• **Data**:
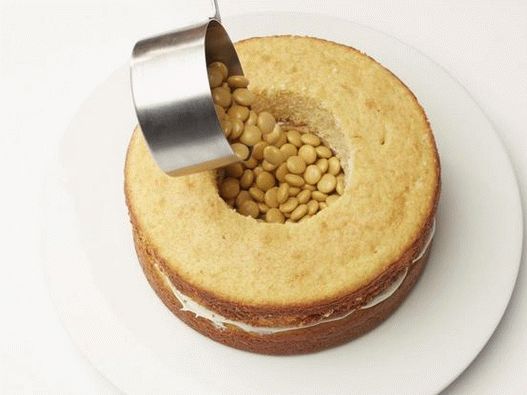Set the cakes and put the candy in the hole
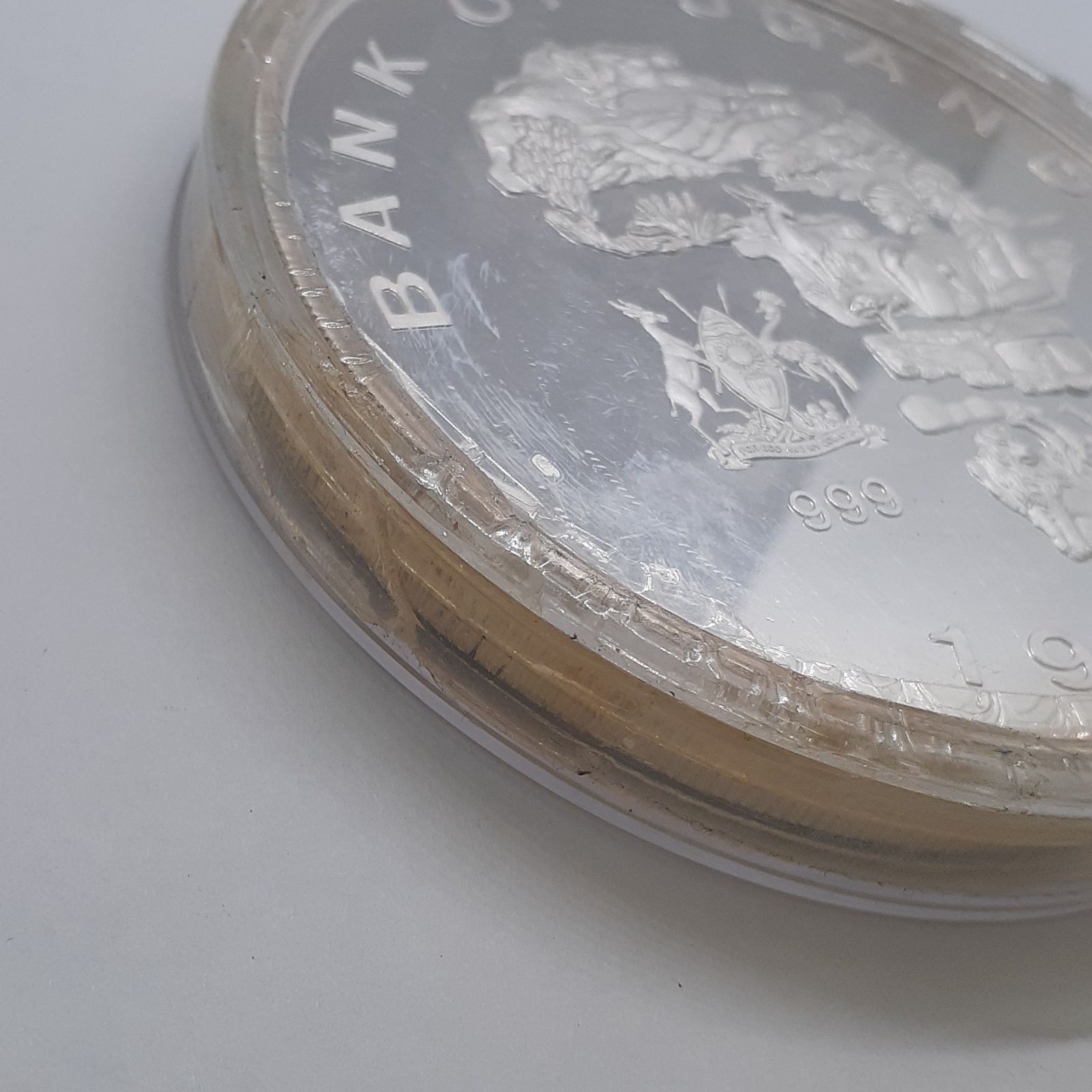 希少！【1103N22】1993年 ウガンダ共和国発行5000シリング記念銀貨 - メルカリ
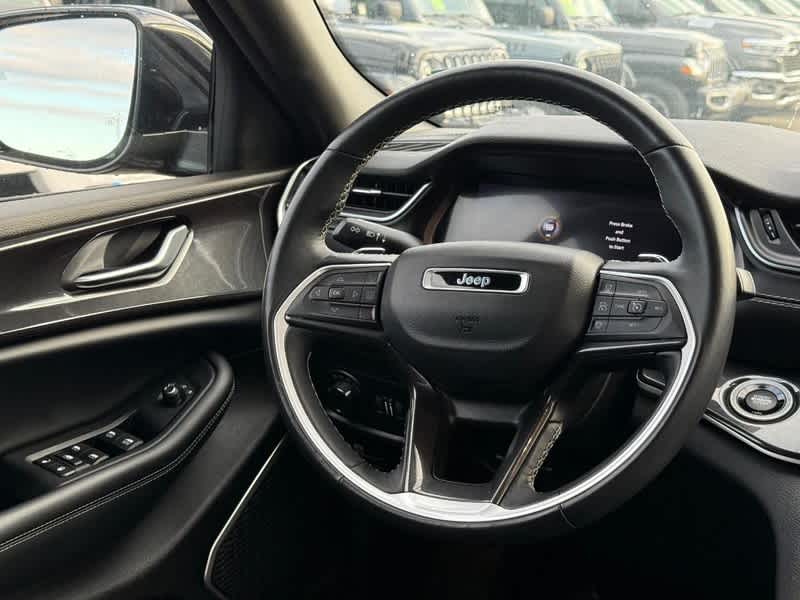 2022 Jeep Grand Cherokee L Altitude 4x4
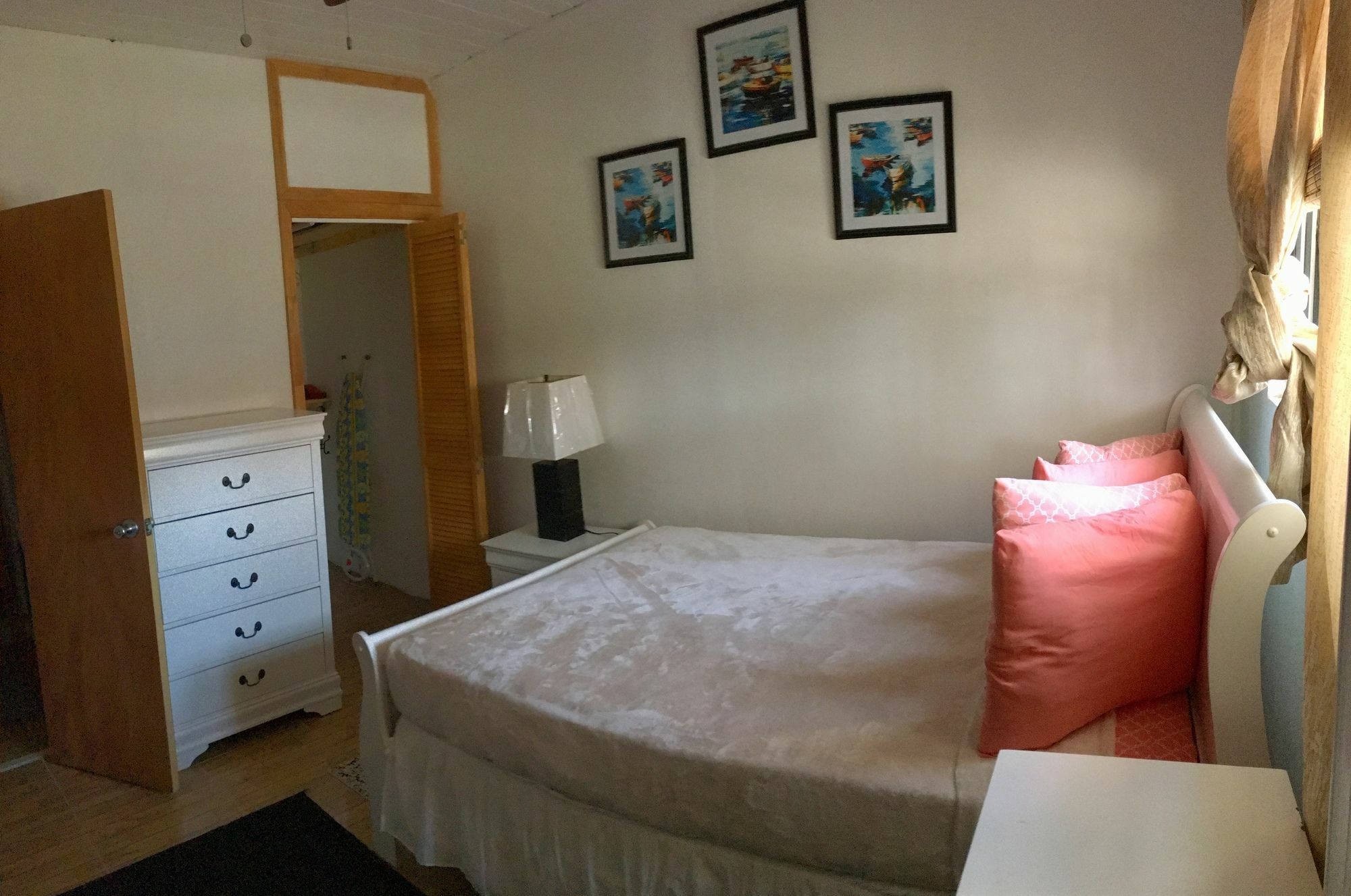 Dawson's Hideaway * Nassau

• **What is required**:
Setting the pictures aside, return exactly the lines from the line with "希少！【1103N22】1993年 ウガンダ共和国発行5000シリング記念銀貨 - メルカリ" through the last line of the listing above.

• **Answer to the problem**:
 希少！【1103N22】1993年 ウガンダ共和国発行5000シリング記念銀貨 - メルカリ
 2022 Jeep Grand Cherokee L Altitude 4x4
 Dawson's Hideaway * Nassau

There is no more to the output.